# WORK INSTRUCTION
Leaving out every picture, copy the lines of the data exactly, from the first through the line containing "Before and after , the".

(STORED DATA begins)

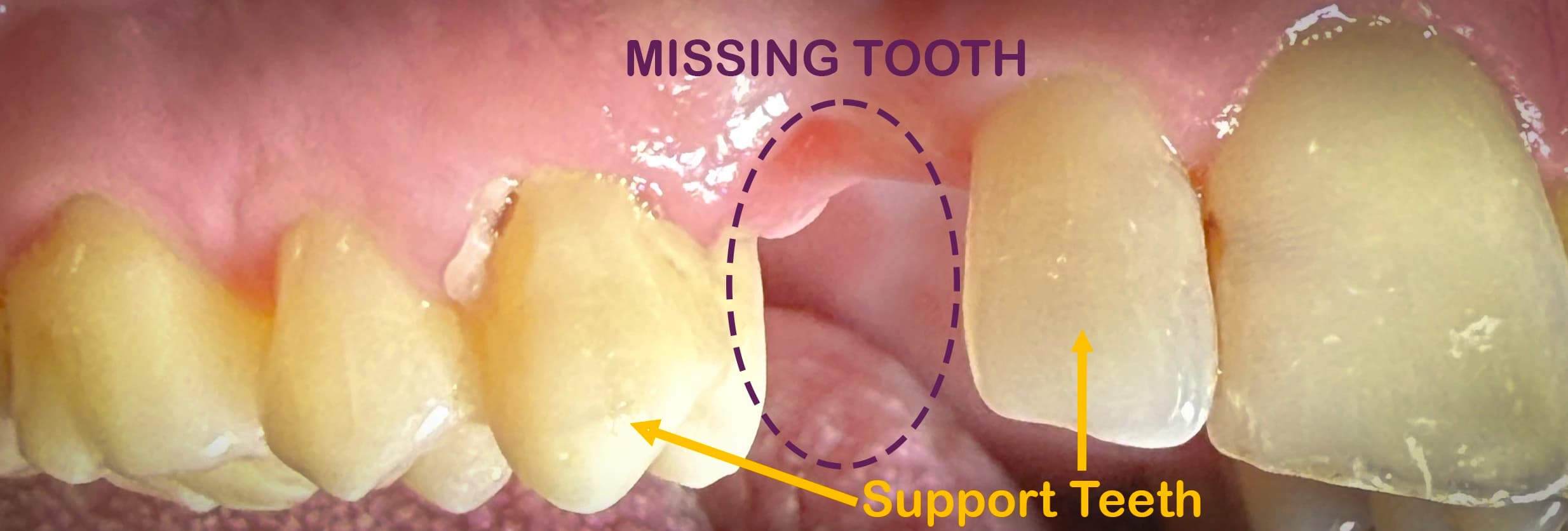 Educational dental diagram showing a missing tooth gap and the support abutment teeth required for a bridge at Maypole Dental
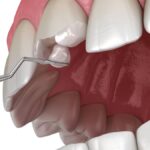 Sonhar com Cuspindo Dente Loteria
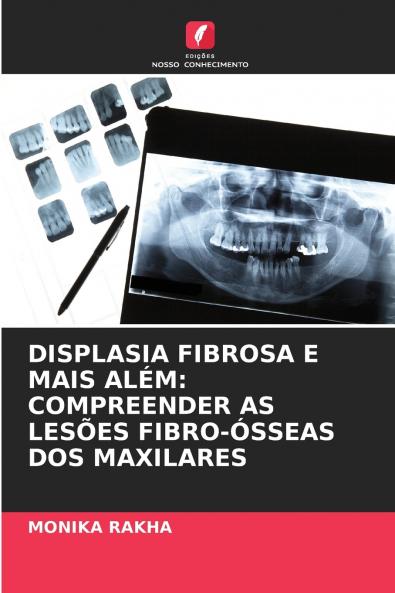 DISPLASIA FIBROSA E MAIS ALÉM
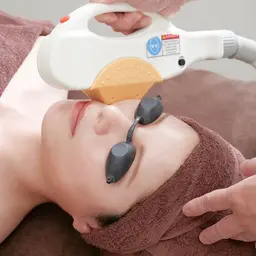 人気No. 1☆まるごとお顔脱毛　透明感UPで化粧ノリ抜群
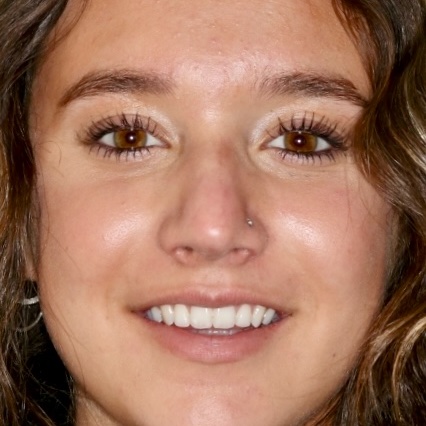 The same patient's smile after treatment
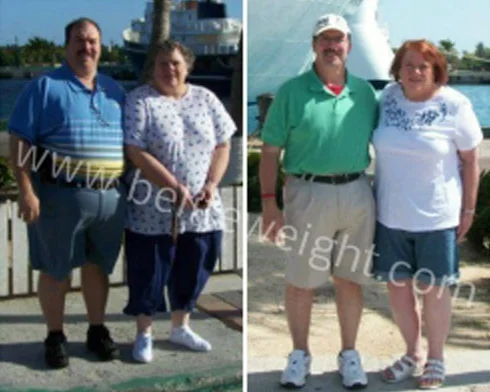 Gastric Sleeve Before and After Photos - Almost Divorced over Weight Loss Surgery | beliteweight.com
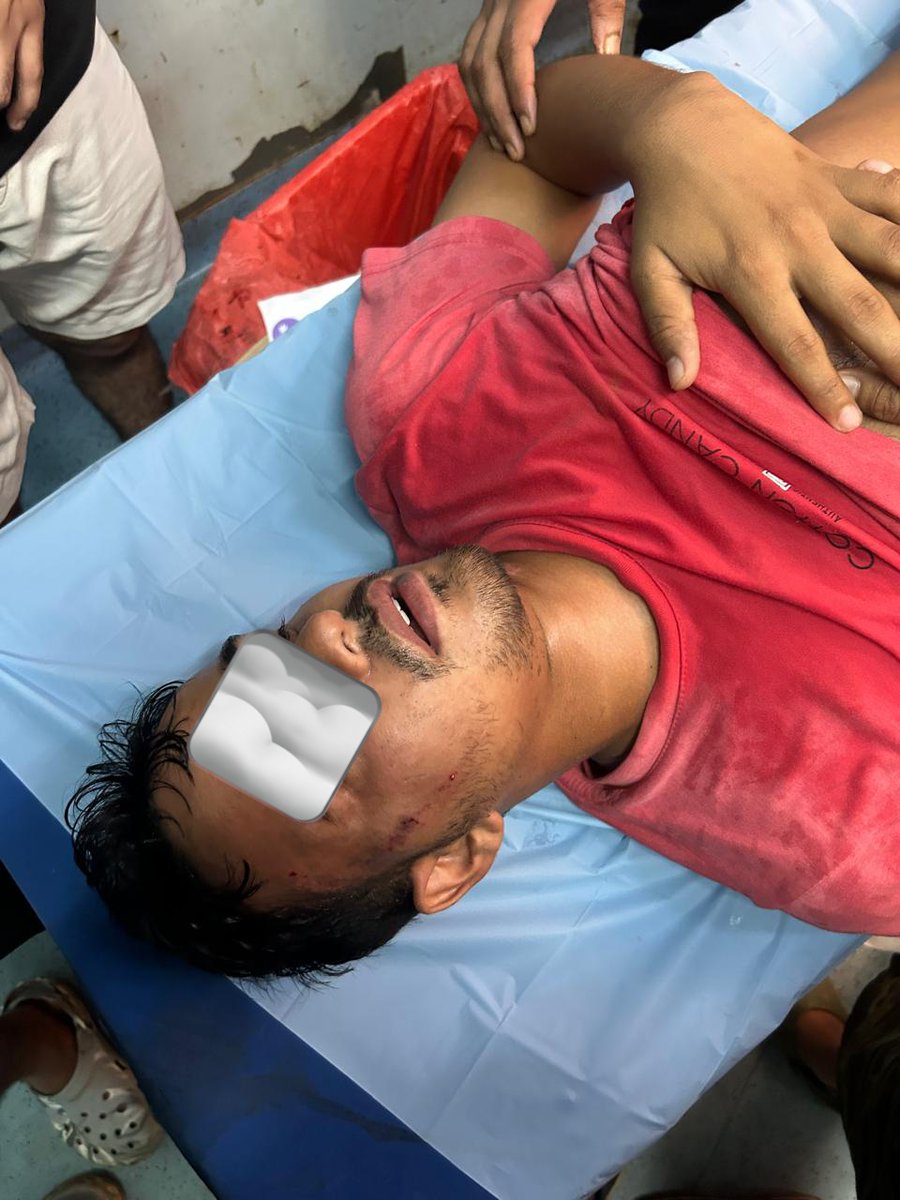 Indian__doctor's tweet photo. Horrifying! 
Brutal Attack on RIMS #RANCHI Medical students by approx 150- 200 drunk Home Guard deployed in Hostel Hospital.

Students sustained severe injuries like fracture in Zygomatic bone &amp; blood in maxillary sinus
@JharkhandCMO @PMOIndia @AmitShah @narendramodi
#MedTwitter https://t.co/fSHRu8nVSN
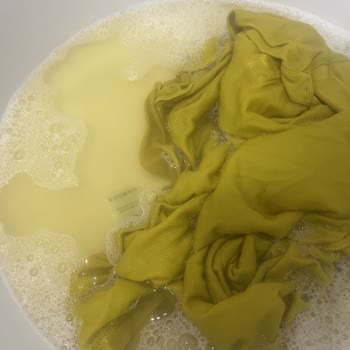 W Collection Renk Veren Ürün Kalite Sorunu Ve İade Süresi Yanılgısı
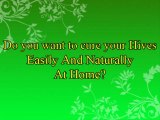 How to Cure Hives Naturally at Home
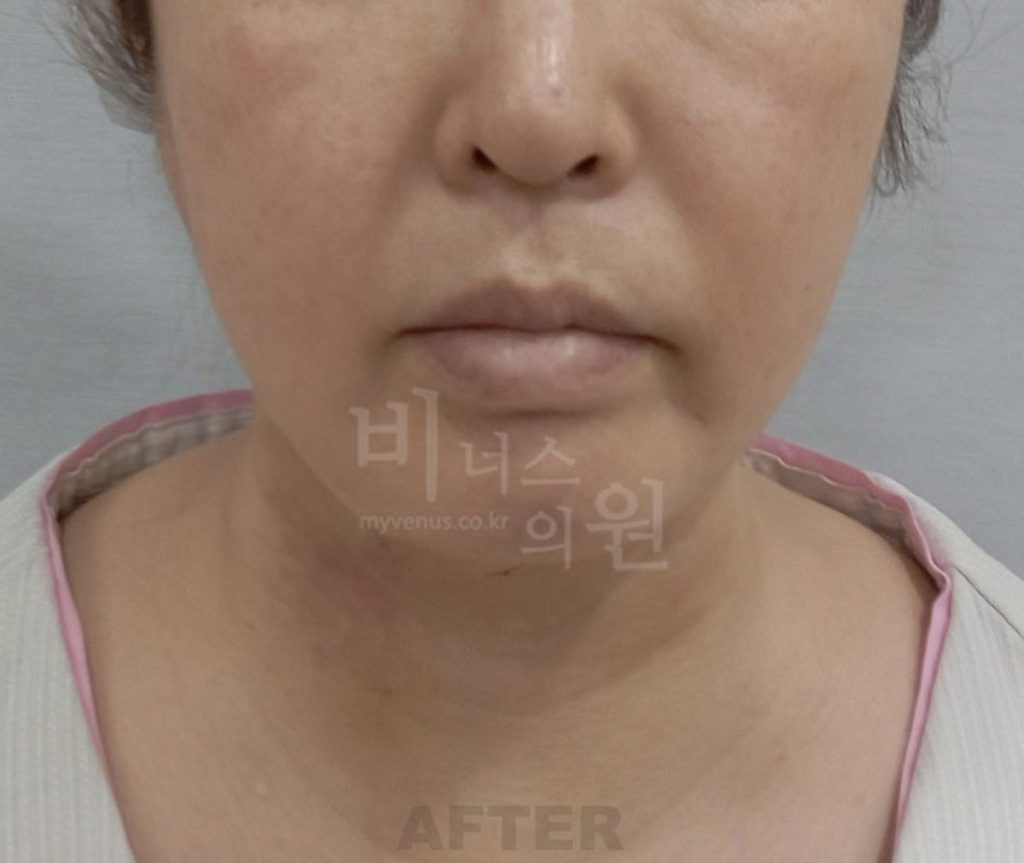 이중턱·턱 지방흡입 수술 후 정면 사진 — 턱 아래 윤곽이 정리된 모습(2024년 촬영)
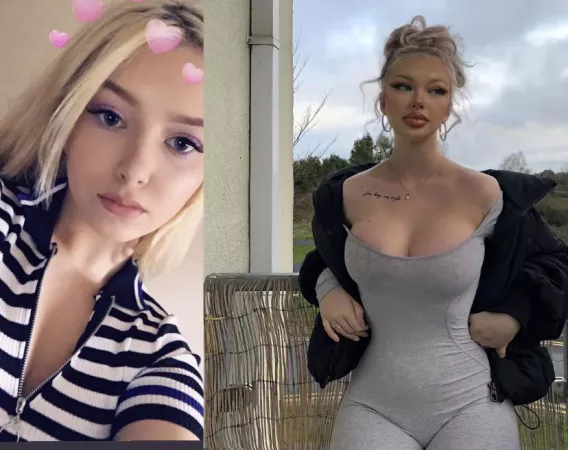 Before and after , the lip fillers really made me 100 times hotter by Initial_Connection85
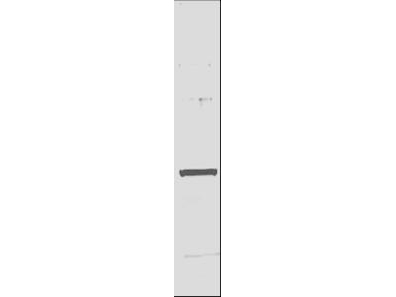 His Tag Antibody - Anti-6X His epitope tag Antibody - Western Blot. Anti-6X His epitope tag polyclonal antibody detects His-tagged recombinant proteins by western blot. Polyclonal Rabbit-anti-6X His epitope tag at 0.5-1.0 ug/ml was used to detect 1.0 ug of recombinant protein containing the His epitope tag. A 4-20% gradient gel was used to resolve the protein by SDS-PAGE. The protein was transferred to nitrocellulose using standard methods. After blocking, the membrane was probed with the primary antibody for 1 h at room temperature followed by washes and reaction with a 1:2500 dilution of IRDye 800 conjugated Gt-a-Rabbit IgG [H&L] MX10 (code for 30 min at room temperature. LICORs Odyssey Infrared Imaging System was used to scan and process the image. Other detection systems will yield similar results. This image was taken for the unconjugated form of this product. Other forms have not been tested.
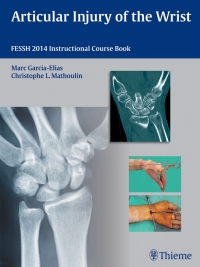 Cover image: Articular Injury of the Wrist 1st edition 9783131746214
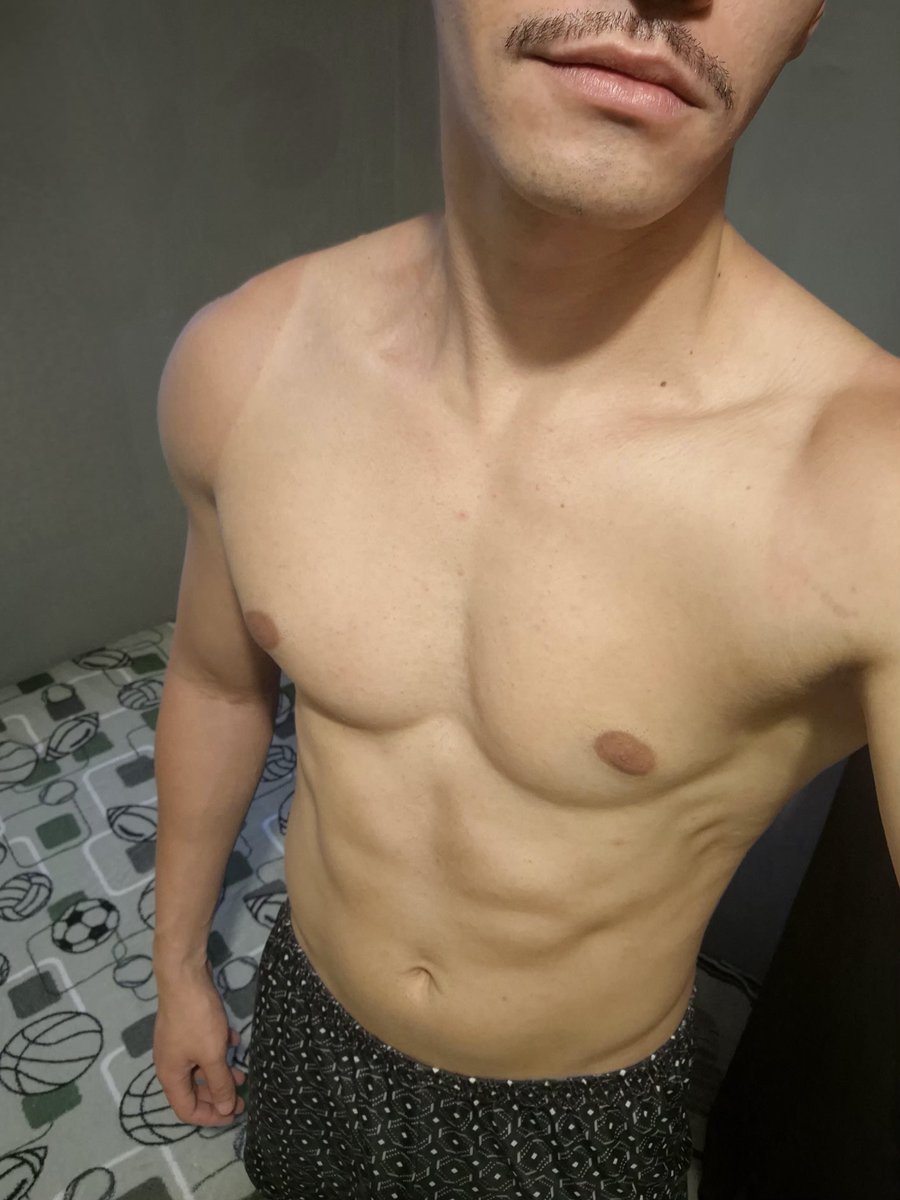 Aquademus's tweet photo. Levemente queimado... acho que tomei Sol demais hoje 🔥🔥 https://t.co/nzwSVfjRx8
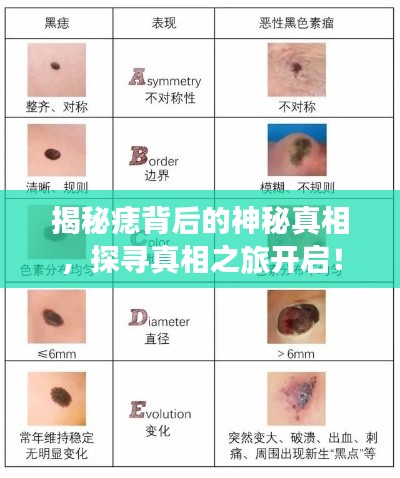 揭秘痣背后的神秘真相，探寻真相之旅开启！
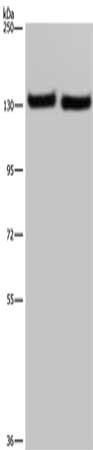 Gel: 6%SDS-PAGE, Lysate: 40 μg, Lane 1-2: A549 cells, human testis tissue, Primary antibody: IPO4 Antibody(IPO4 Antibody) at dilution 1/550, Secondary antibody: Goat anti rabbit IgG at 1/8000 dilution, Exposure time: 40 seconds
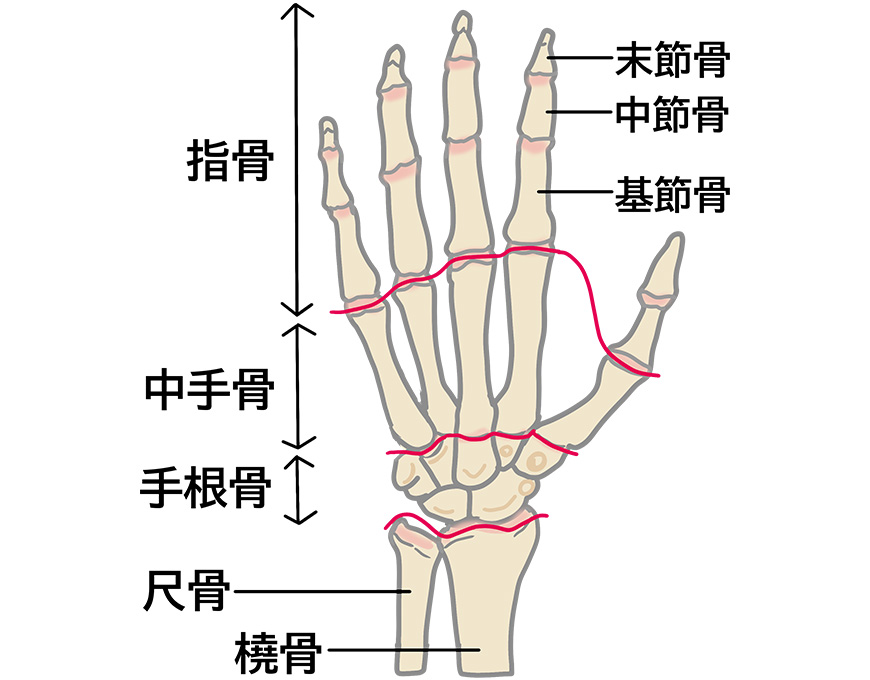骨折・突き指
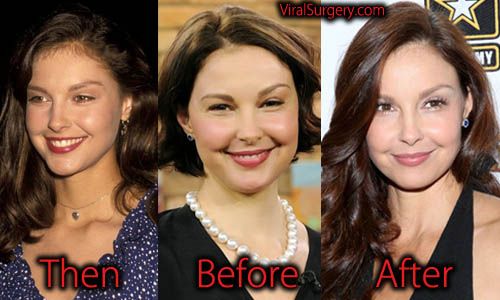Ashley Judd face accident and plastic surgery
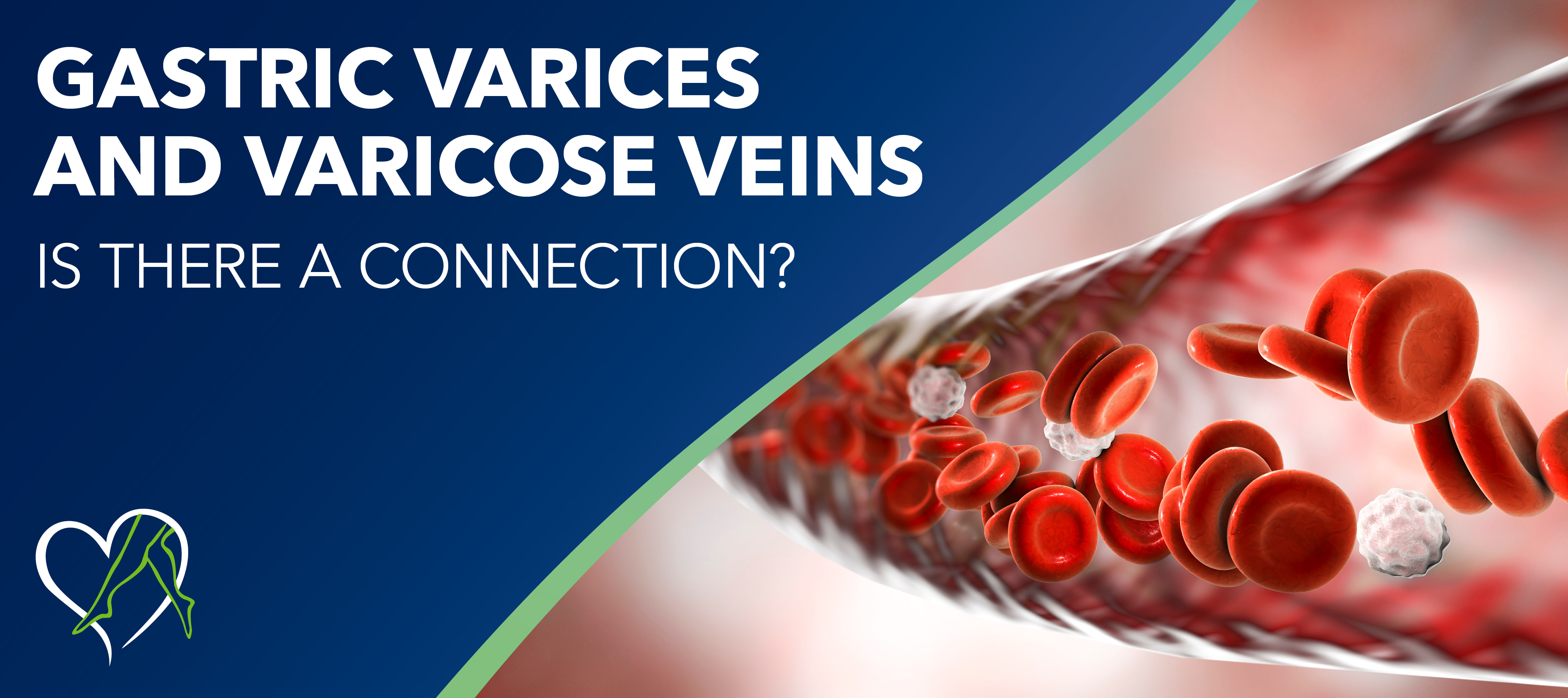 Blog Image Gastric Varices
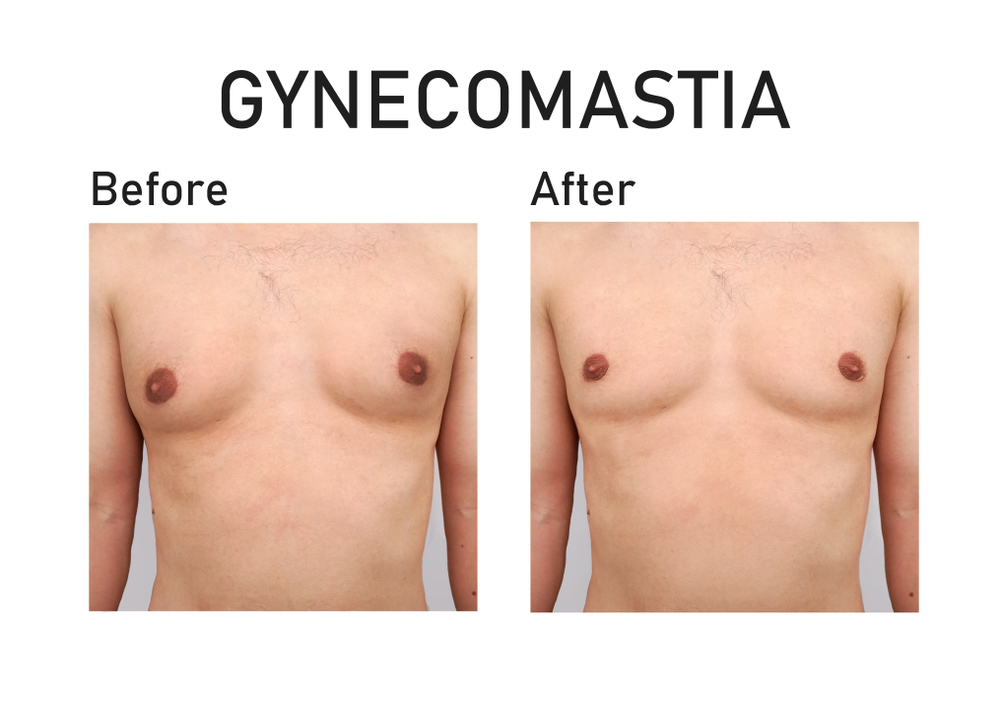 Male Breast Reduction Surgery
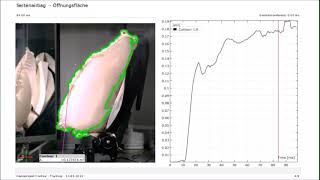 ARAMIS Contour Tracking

(STORED DATA ends)

# ANSWER BOX
 Educational dental diagram showing a missing tooth gap and the support abutment teeth required for a bridge at Maypole Dental
 Sonhar com Cuspindo Dente Loteria
 DISPLASIA FIBROSA E MAIS ALÉM
 人気No. 1☆まるごとお顔脱毛　透明感UPで化粧ノリ抜群
 The same patient's smile after treatment
 Gastric Sleeve Before and After Photos - Almost Divorced over Weight Loss Surgery | beliteweight.com
 Indian__doctor's tweet photo. Horrifying! 
Brutal Attack on RIMS #RANCHI Medical students by approx 150- 200 drunk Home Guard deployed in Hostel Hospital.

Students sustained severe injuries like fracture in Zygomatic bone &amp; blood in maxillary sinus
@JharkhandCMO @PMOIndia @AmitShah @narendramodi
#MedTwitter https://t.co/fSHRu8nVSN
 W Collection Renk Veren Ürün Kalite Sorunu Ve İade Süresi Yanılgısı
 How to Cure Hives Naturally at Home
 이중턱·턱 지방흡입 수술 후 정면 사진 — 턱 아래 윤곽이 정리된 모습(2024년 촬영)
 Before and after , the lip fillers really made me 100 times hotter by Initial_Connection85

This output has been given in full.